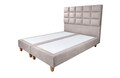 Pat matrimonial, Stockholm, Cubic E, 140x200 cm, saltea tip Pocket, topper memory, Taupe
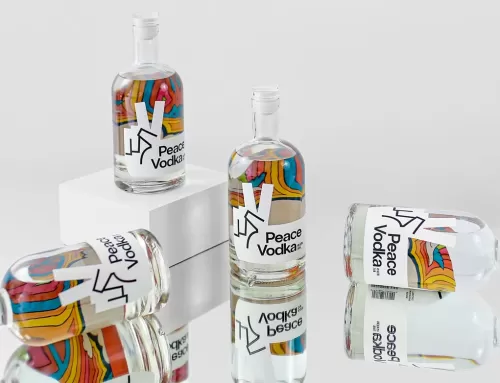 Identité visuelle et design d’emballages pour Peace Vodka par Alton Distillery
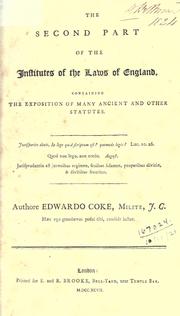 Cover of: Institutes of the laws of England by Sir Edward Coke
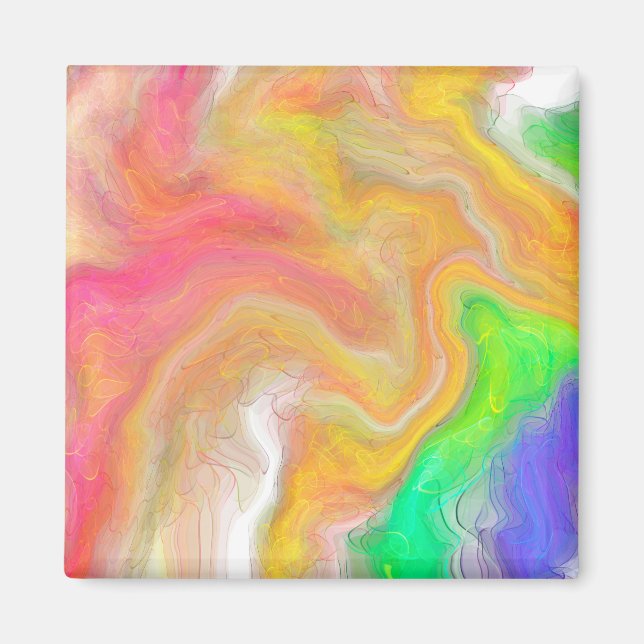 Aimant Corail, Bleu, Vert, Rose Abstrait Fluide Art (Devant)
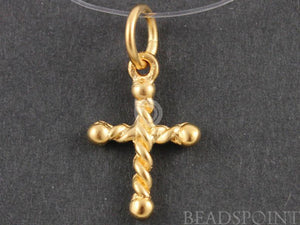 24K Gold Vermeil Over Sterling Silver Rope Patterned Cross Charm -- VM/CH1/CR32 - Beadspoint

· · · ·

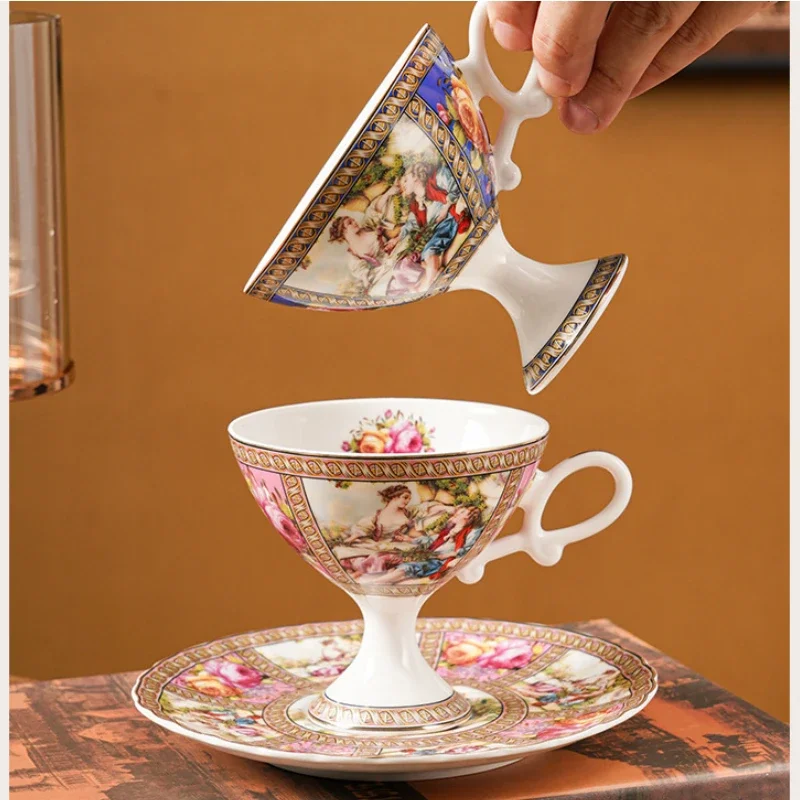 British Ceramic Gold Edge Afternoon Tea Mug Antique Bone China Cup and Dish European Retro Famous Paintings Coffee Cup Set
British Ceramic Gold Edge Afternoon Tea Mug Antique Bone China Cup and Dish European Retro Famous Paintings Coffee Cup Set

· · · ·

What needs to be done → Set the pictures aside and transcribe exactly the stretch of lines above, beginning with the one holding "Identité visuelle et" and ending with the one holding "24K Gold Vermeil".

Task answer →
 Identité visuelle et design d’emballages pour Peace Vodka par Alton Distillery
 Cover of: Institutes of the laws of England by Sir Edward Coke
 Aimant Corail, Bleu, Vert, Rose Abstrait Fluide Art (Devant)
 24K Gold Vermeil Over Sterling Silver Rope Patterned Cross Charm -- VM/CH1/CR32 - Beadspoint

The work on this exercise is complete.